1. ITV Report

US state of Arkansas carries out its first execution in 12 years

  • Video report by ITV News Washington Correspondent Robert Moore

The US state of Arkansas has carried out its first execution in nearly 12 years.

Ledell Lee, was pronounced dead at 11.56pm local time (05:56 BST) on Thursday, four minutes before his death warrant was due to expire.

The 51-year-old was put on death row for the 1993 murder of his neighbour Debra Reese. He had maintained that he was innocent.

Lee's execution was cleared less than an hour before his death warrant was due to expire. Credit: AP

Lee was among eight death row inmates whose executions were originally scheduled before a lethal injection drug expires on April 30.

One of the men, Jason McGehee, was granted clemency for the death of a teenager in 1996.

Arkansas had planned to execute the men by the end of the month but the plans were thwarted after a judge issued a temporary restraining order stopping the state from using its supply of vecuronium bromide.

The Pulaski County Circuit judge's order came after a company said it had sold the muscle relaxant - which is one of three drugs used in the state's lethal injection process - for medical purposes, not capital punishment.

Pharmaceutical company McKesson Corp has said the state obtained the drug under false pretences.

But on Thursday the state's Supreme Court reversed the order blocking the use of vecuronium bromide.

The US Supreme Court later cleared the way for Lee's execution after rejecting a round of last-minute appeals filed by his lawyers.

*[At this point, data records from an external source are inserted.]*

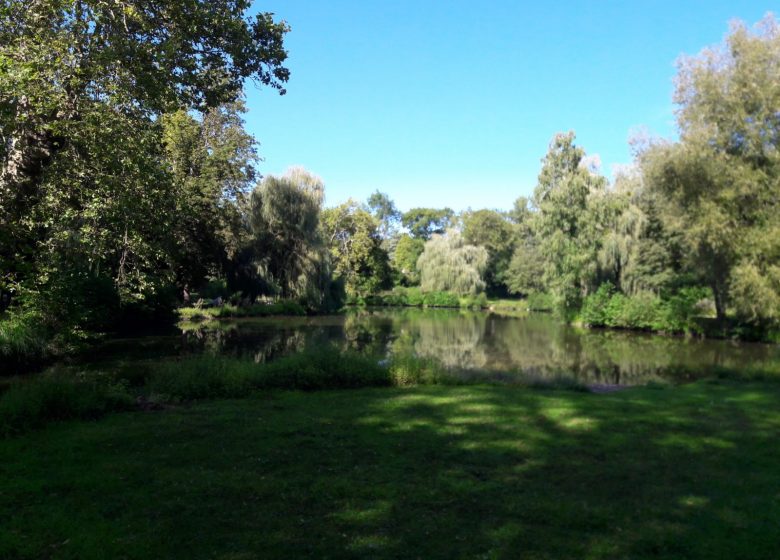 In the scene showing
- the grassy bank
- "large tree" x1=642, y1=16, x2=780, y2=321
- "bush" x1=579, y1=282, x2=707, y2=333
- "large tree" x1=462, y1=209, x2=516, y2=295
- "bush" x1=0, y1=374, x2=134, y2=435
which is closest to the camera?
"bush" x1=0, y1=374, x2=134, y2=435

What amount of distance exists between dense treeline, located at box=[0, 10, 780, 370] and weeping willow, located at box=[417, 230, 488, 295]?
22cm

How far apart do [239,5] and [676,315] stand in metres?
28.5

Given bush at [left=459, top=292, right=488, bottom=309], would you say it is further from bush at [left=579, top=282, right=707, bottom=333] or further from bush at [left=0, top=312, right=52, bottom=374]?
bush at [left=0, top=312, right=52, bottom=374]

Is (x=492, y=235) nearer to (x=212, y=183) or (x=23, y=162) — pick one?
(x=212, y=183)

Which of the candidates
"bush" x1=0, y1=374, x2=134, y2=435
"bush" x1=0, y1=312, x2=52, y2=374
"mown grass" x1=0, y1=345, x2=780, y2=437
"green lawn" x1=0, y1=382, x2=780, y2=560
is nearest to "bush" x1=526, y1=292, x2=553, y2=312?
"mown grass" x1=0, y1=345, x2=780, y2=437

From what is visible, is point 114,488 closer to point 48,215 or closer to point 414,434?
point 414,434

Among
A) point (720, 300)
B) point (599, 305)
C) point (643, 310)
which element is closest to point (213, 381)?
point (720, 300)

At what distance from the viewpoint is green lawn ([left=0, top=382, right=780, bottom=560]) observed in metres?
3.80

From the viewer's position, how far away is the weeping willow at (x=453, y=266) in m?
56.8

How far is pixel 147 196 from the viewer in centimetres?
1118

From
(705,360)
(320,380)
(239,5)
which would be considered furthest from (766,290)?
(239,5)

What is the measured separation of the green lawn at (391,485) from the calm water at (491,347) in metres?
6.51

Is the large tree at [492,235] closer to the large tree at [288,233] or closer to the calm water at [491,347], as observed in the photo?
the large tree at [288,233]

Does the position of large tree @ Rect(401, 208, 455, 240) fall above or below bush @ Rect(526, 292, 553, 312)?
above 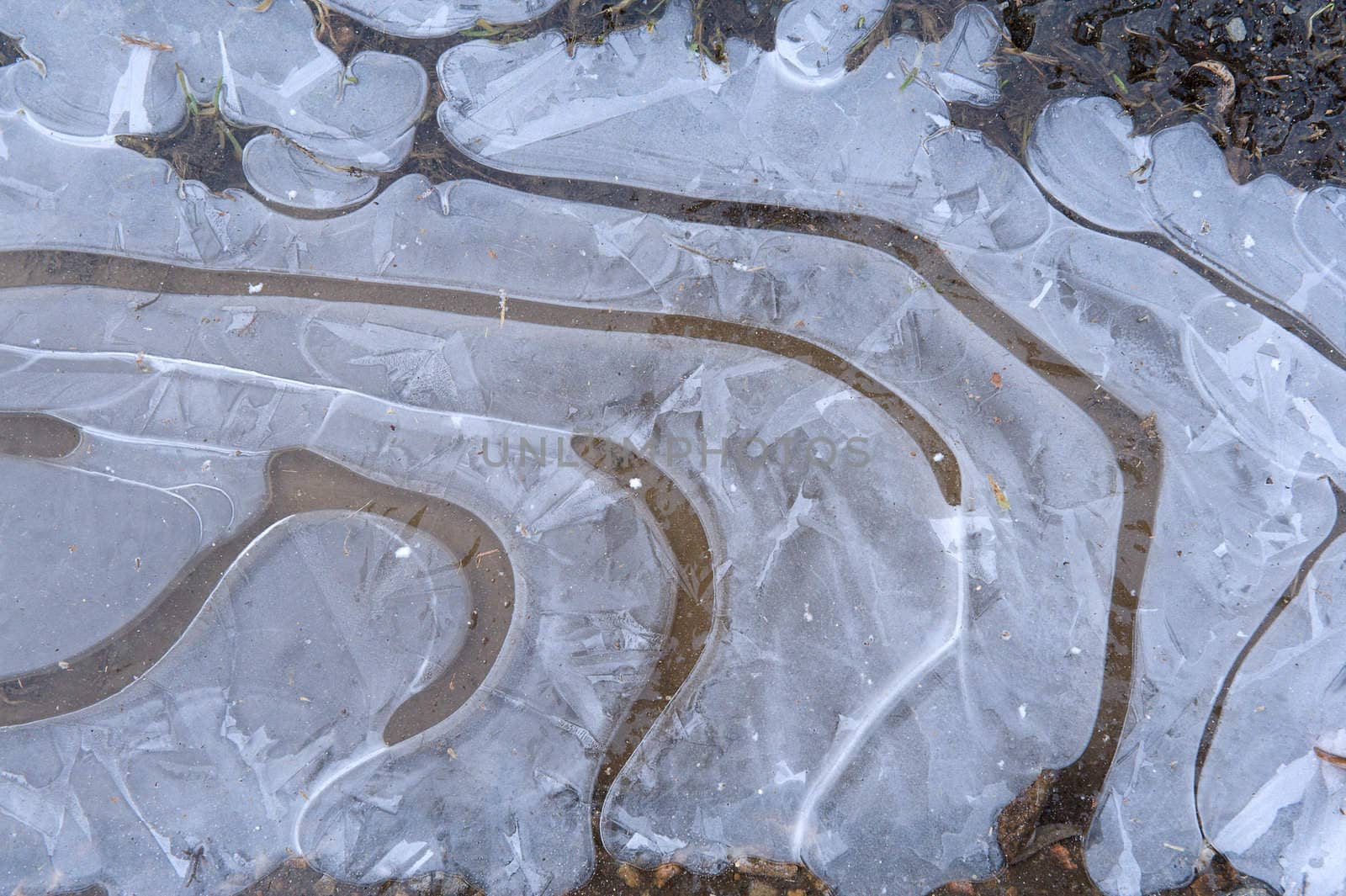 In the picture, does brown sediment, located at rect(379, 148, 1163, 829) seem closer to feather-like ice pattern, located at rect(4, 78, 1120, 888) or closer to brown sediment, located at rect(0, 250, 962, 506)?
feather-like ice pattern, located at rect(4, 78, 1120, 888)

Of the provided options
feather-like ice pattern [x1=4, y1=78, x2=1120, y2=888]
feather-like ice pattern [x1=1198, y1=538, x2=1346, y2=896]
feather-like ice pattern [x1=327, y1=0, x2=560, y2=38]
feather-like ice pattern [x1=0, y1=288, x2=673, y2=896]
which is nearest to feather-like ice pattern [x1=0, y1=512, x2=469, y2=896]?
feather-like ice pattern [x1=0, y1=288, x2=673, y2=896]

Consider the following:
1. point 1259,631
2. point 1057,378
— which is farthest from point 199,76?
point 1259,631

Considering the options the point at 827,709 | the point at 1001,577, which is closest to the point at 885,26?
the point at 1001,577

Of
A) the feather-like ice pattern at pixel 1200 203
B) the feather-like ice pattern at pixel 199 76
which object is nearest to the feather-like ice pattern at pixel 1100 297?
the feather-like ice pattern at pixel 1200 203

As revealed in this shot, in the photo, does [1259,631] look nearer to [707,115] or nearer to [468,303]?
[707,115]

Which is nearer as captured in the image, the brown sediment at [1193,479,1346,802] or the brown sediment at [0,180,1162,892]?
the brown sediment at [1193,479,1346,802]

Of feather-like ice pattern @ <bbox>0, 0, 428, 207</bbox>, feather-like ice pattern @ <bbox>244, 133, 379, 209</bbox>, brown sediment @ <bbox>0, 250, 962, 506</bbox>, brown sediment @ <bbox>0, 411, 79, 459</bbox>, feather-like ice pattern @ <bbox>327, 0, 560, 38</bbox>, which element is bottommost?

Top row, from left to right: Bruce Ward, Marcel Williams, Kenneth Williams. Botton row, left to right: Stacey Johnson, Ledell Lee, Don Davis, Jack Jones Credit: AP

"The governor knows the right thing was done tonight," said JR Davis, a spokesman for Arkansas governor Asa Hutchinson, who scheduled the multiple executions.

"Justice was carried out," he added.

Lawyers who represented Lee in his final appeals accused the state of rushing his execution and denying him the opportunity to conduct DNA testing which "could have proven his innocence".

McKesson Corp said it was disappointed with the court's ruling.

"We believe we have done all we can do at this time to recover our product," the company said in a statement.

Protests have been held in Arkansas against the upcoming executions. Credit: AO

Two more inmates are scheduled to die on Monday, and one on April 27.